The other WW II vet was a former 16-year-old Japanese Army Air Force pilot who was days away from his solo and last flight as a Kamikaze pilot—a suicide bomber.

On August 14, 1945—the official end of World War II—both men were sworn enemies.

But on Tuesday, 67 years to the date that World War II ended when Japan surrendered unconditionally to Allied forces, the two men sat together on a stage at the Frontiers of Flight Museum in Dallas before a crowd of 750 people and professed their friendship and forgiveness of one another and their respective governments.

“Japan was under militaristic rule,” said Mitsuhara (Bill) Nagase, the former Kamikaze pilot who came to the U.S. at age 23 under the sponsorship of a U.S. Air Force Colonel to attend Texas Christian University. “When you wear the uniform of the Japanese army, you were no longer a private citizen. We didn’t mind dying for our country. We were brainwashed.”

If it were not for President Truman’s decision to drop two Atom bombs on Japan, the war would have most certainly ended his life in the Japanese POW camp run by the Japanese Kempei Tai military police, said Fiske Hanley II, who was posted with the 504th Bomb Group in the Pacific Campaign.

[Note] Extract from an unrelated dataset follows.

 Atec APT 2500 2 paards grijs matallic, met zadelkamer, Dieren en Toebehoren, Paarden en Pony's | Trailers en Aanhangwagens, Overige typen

“The Kempei did not follow the rules of humanity in how they treated us,” said Hanley, saying his captors were worse than the Nazi Gestapo.

Both men—the U.S. airman and the Japanese pilot—would end up working at General Dynamics in Fort Worth when, in the 1970s, a chance meeting put them in the same office for what both described as a few awkward moments.

“Once Fiske spoke to me and asked me about my story, well, the rest is history,” said Nagase.

Over the ensuing years, the two one-time enemies in battle became best friends, sharing family stories and military experiences. “We forgave each other,” Fiske said.

Fiske told the story of inviting Nagase to a reunion in Wichita Falls, Texas of some battle-hardened U.S. Marines who fought on the Island of Iwo Jima where Japanese treatment of U.S. POWS during World War II was horrific. “I warned Bill that these guys had not forgiven the Japanese as I had done,” said Fiske. “He was more than a little nervous on the ride up there.”

But when Nagase entered the room to meet the former Iwo Jima Marines, “It was love at first sight," said Fiske. "The guys liked Bill so much that they invited him to be their speaker at their next reunion.”

Daughters of World War II sponsored the program, which the C-SPAN History channel taped and will air later this month.